Ok we have established that everyone is bias ,so no need of
Natalie to mention this again as grounds for attack on any
opinion ,that is than followed up with her so unbiased opinion,
such as her opinion that she is a winner because she called everything right so far . And it is a bias opinion that a winner can’t make a mistake even after making a few good calls .

If the game in life is calling yourself a winner by how many toys or money you have at any given point in time ,I have a bias opinion that this would not be a fair judge of a person or their life ,or their potential to make a mistake in the future or not make a mistake in the future ,course this is a bias opinion on my part . Could we just stop with this “your bias” crap its getting really stupid ,it’s so 60’s to do that .

 
Comment by Natalie
2010-03-28 12:06:44

Don’t associate your anger with me. I really don’t understand the twisted obsession. Your descriptions of me have about a 0% accuracy rating. I would ask you to explain yourself, but at this point must assume I am dealing with someone outside the bounds of sanity.

 
Comment by Housing Wizard
2010-03-28 16:36:25

Quotes from Nataline on this blog in the last week or so :

“As to “talent”,there is no question the Wallstreet gurus were brilliant.15 years ago ,most ppl would not believe that Wallstreet could have such power they could get ppl all over the Country to pay more than 2x for a house over intrinsic value ,yet they managed to do it .”

“I get the sense that to many around here attack others out of anger and bias ,without the attempt and/or ability to research and understand the issue .”

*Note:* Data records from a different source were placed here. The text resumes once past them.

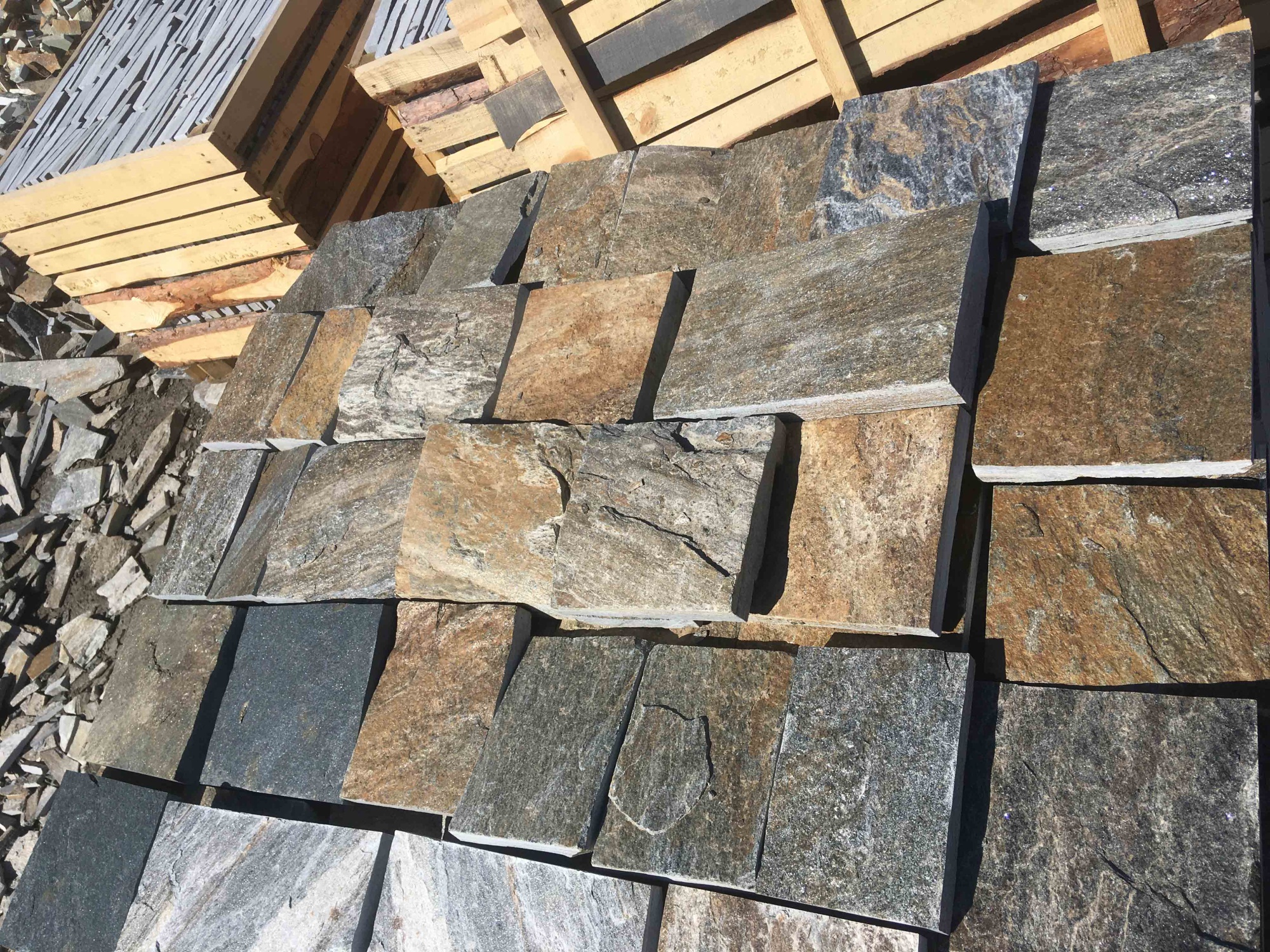 Плитка пилёная златолит Уральский для фасада купить в Кизеле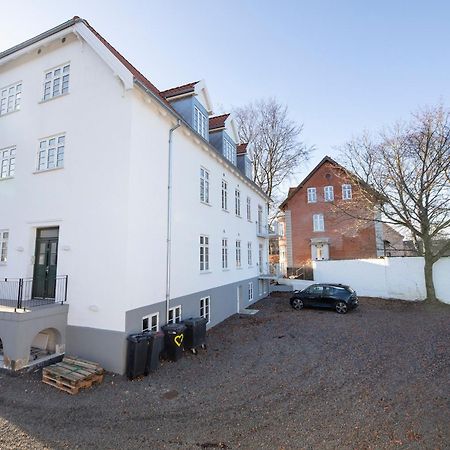 Aday - 2 Bedroom Apartment With Patio Aalborg Bagian luar foto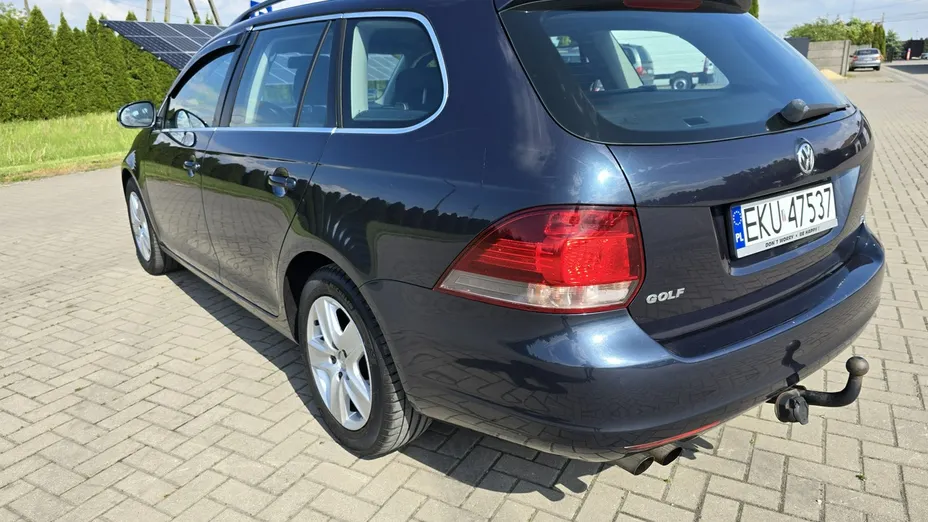VOLKSWAGEN Golf -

“I just miss having those with different views”

“I also question why insider knowledge is discounted on this board ….” ” I have found the insider knowledge to be much more accurate .”

“Wouldn’t it be interesting if this group focused more on the issues,rather,than blind name calling and hypocrisy …?

“You are falling into the black and white trap again …. Try to examine facts without anger and prejudice .”

“The truth is that in a total meltdown scenario ,the Country would have been the losers ,not the financial gurus.”

“…I am dealing with someone outside the bound of sanity .”

Now don’t get angry Natalie and don’t get mad and call me insane now ,don’t resort to name calling like you advise us not to . The list of some of the quotes of your admiration for Wall Street and your dislike for posters not in your camp is apparent .
Your the one that goes around from your Ivory tower accusing posters of bias and prejudice and hypocrisy all the time ,even belittling them if they see a issue in black and white terms . You are the one touting the PR from Wall Street ,so I think you should examine you prejudices ,and your writings show who you admire ,,,the crooks of Wall Street who got the sheep to buy overpriced property by securities fraud . Real brilliant people with so much talent .
You are coming from a highly prejudicial position ,yet you attack posters with one-liners that are just psychological tools to discredit their posts ,even if they are delivered in a
angry . The Country has a right to be angry and no amount of psychological jargon can erase what Wall Street did in spite of you thinking they are talented because they pulled off a Ponzi-scheme and are still getting ill-gotten gain .

 
Comment by Natalie
2010-03-28 17:50:40

Ummm. You posted nothing that bolstered you position. I am truly puzzled by what are you seeing in my posts that angers you. Is it the fact that I think Wall Street should be regulated and not run amuck. Is it that I’m Jewish . . . that I’m liberal . . . that I’m fiscally conservative . . . that I’m female? What is it? Is it the fact that I recogize others’ biases including my own? Also, I have no dislike for posters that disagree with me. The posts you cited shows just the opposite. I do admit I do not like you, but not because of your views, but because of your unfair assumptions about me and name calling. I get the sense something isn’t right is seriously wrong.

 
Comment by Natalie
2010-03-28 17:58:46

Genius used for evil is still genius. I don’t understand your point that recognizing someone is brilliant in pulling something off somehow equates to admiration. Many serial killers including Ted Bundy and Ted Kaczynski were brilliant and had many talents, but I support their execution.

 
Comment by Natalie
2010-03-28 18:06:18

Also, I have never said I didn’t have bias, and when someone asks I try to explain the ones I understand. What does that have to do with me disliking inaccurate summaries of my beliefs or name calling?

 
Comment by exeter
2010-03-28 18:18:40

Lmao…. Whenever “Natalie” (her latest moniker) gets called out on here BS, she attacks with “you’re angry”.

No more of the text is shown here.